┌─ PROVIDED MATERIAL

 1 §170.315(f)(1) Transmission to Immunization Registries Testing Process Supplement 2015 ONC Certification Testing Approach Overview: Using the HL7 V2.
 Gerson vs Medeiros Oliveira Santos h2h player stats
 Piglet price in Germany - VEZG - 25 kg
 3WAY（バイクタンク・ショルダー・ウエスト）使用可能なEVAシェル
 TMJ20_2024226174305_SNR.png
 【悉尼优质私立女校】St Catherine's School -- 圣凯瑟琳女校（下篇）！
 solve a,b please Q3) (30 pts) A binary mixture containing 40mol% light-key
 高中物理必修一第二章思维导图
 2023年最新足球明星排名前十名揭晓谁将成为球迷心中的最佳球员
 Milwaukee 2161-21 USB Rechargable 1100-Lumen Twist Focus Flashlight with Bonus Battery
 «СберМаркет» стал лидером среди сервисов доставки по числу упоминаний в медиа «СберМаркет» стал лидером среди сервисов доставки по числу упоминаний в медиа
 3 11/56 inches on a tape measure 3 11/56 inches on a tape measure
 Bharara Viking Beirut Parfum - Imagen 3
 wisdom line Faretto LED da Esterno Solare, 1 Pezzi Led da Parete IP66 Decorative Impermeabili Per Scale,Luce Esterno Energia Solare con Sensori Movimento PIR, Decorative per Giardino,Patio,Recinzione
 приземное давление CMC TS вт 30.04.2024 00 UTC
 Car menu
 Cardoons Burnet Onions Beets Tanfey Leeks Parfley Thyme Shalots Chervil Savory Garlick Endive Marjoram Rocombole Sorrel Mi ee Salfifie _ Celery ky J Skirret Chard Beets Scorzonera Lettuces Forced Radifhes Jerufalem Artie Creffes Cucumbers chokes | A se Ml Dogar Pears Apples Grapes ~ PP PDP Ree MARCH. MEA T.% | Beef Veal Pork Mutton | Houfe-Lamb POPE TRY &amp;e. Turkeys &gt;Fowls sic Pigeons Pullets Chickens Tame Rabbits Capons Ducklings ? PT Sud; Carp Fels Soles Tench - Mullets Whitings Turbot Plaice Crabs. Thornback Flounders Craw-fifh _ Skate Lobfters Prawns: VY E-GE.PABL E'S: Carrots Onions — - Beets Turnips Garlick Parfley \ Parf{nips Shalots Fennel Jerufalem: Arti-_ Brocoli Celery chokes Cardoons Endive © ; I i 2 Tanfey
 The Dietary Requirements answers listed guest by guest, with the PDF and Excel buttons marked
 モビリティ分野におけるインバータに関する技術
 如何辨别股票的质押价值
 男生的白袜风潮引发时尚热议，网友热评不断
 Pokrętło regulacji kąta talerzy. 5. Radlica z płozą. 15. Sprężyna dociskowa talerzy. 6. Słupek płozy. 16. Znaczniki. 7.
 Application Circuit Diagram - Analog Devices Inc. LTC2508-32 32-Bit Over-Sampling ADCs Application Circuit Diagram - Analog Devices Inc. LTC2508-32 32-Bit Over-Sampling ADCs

└─

Begin with the first line of the records and reproduce each line as is, ending with the line that holds "3WAY（バイクタンク・ショルダー・ウエスト）使用可能なEVAシェル".

EXERCISE SOLUTION:
 1 §170.315(f)(1) Transmission to Immunization Registries Testing Process Supplement 2015 ONC Certification Testing Approach Overview: Using the HL7 V2.
 Gerson vs Medeiros Oliveira Santos h2h player stats
 Piglet price in Germany - VEZG - 25 kg
 3WAY（バイクタンク・ショルダー・ウエスト）使用可能なEVAシェル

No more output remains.